__What the task asks__
Having located "heine T-Shirt - koralle-sesam-geringelt", write out its line and the remaining lines of the material exactly, the last one included, but not the pictures.

^^^^^^^^^^^^^^^^

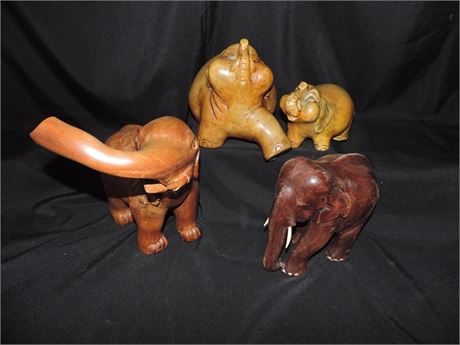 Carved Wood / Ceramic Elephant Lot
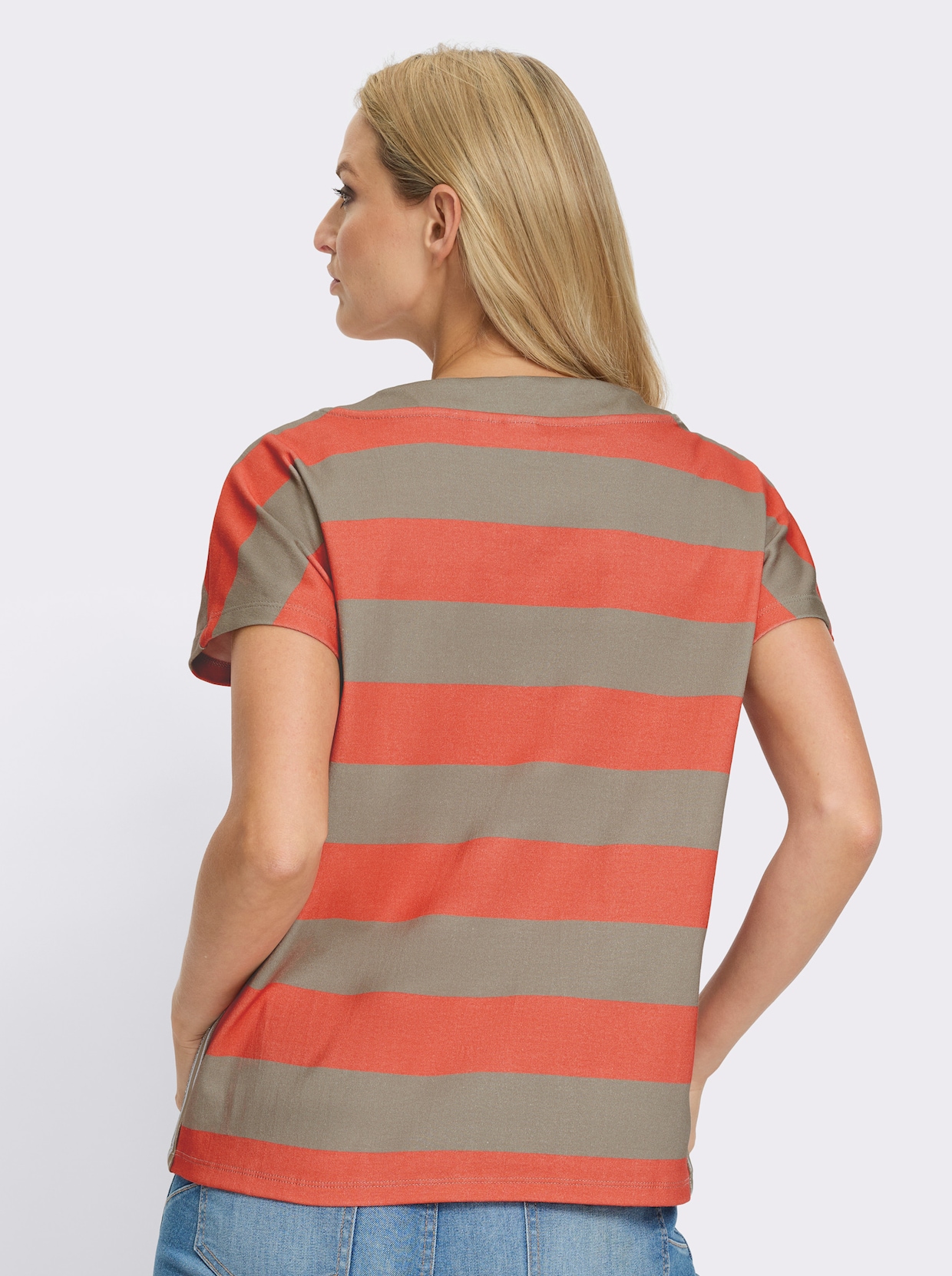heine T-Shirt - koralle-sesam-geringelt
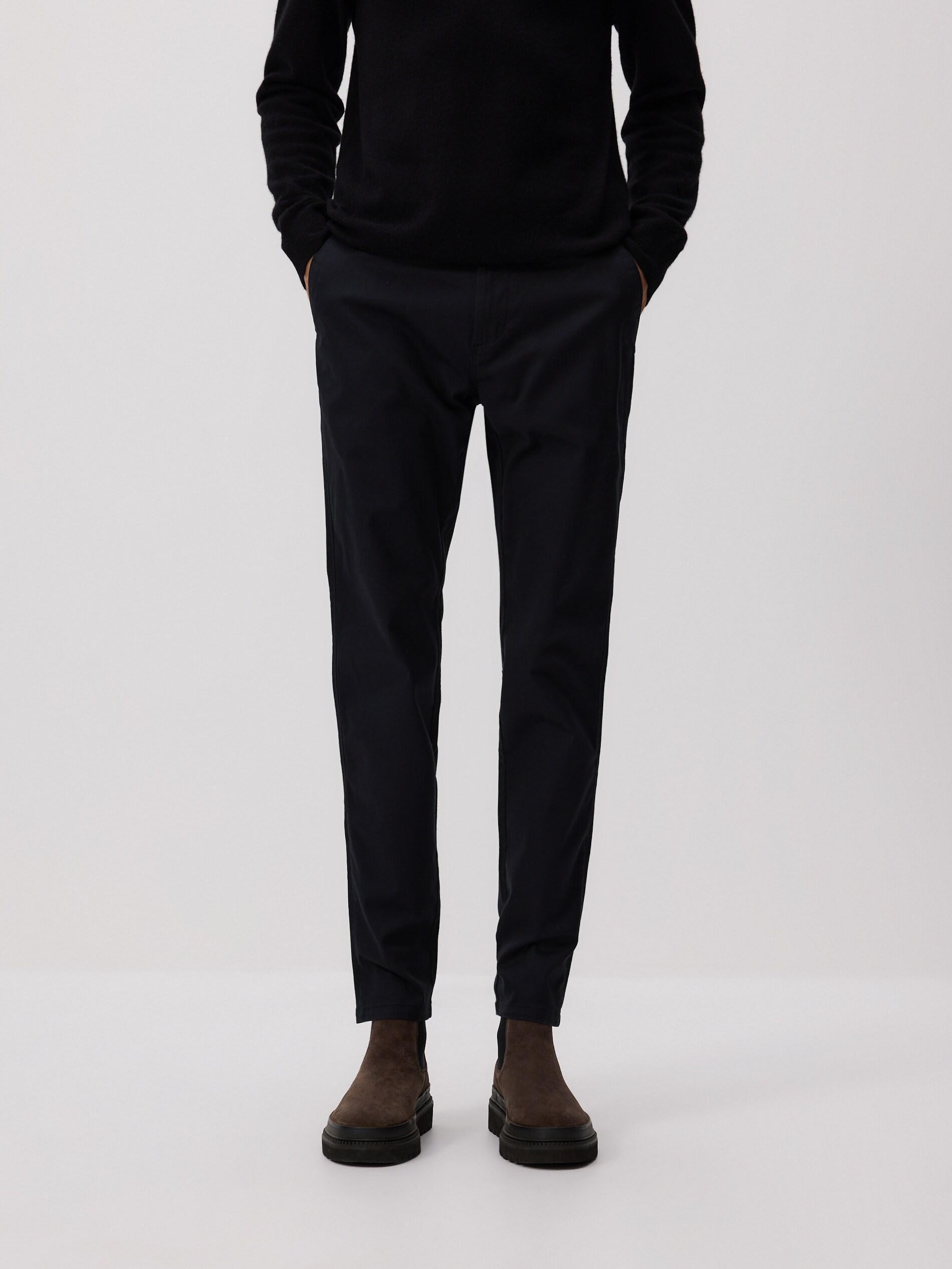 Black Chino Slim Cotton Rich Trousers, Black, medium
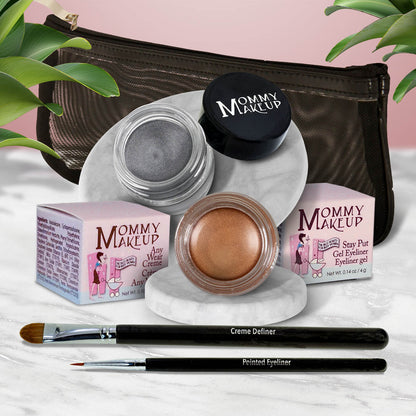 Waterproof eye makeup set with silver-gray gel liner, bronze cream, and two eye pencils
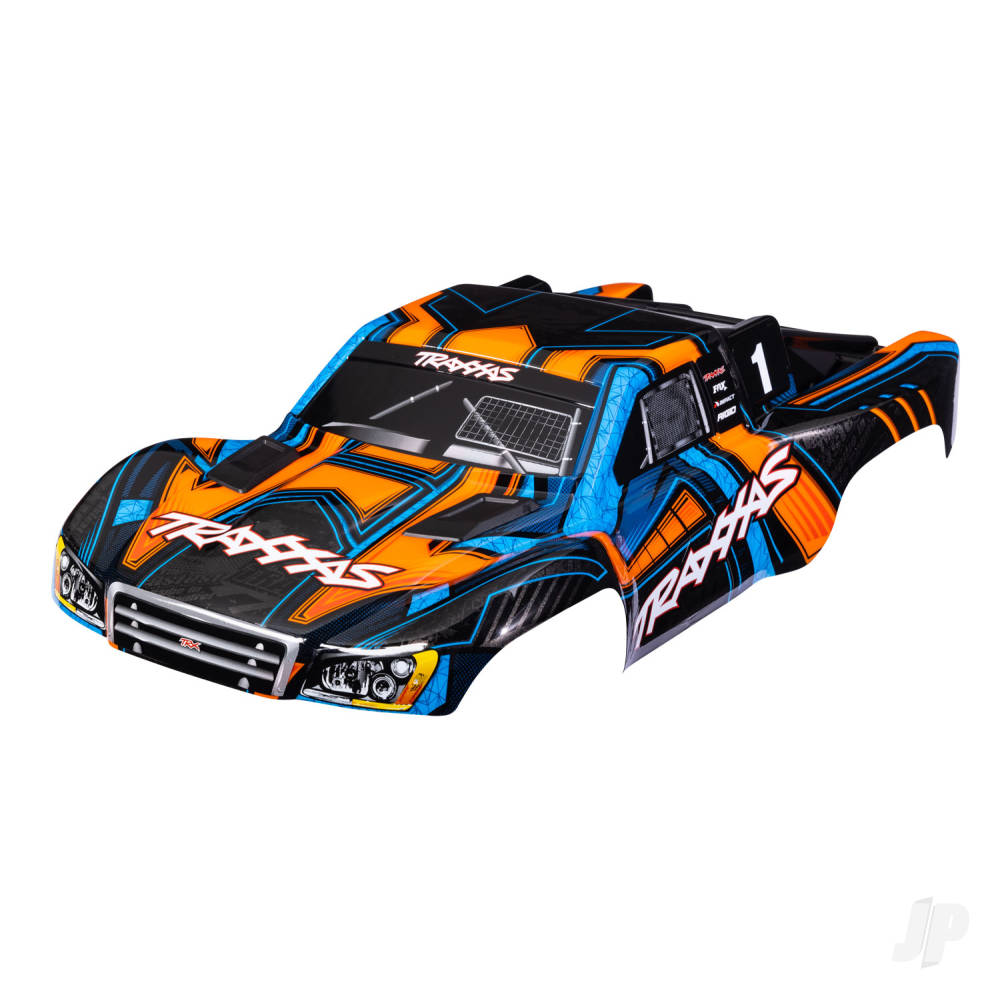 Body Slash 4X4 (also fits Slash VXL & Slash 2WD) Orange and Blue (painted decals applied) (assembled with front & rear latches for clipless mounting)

^^^^^^^^^^^^^^^^

__Output below__
heine T-Shirt - koralle-sesam-geringelt
 Black Chino Slim Cotton Rich Trousers, Black, medium
 Waterproof eye makeup set with silver-gray gel liner, bronze cream, and two eye pencils
 Body Slash 4X4 (also fits Slash VXL & Slash 2WD) Orange and Blue (painted decals applied) (assembled with front & rear latches for clipless mounting)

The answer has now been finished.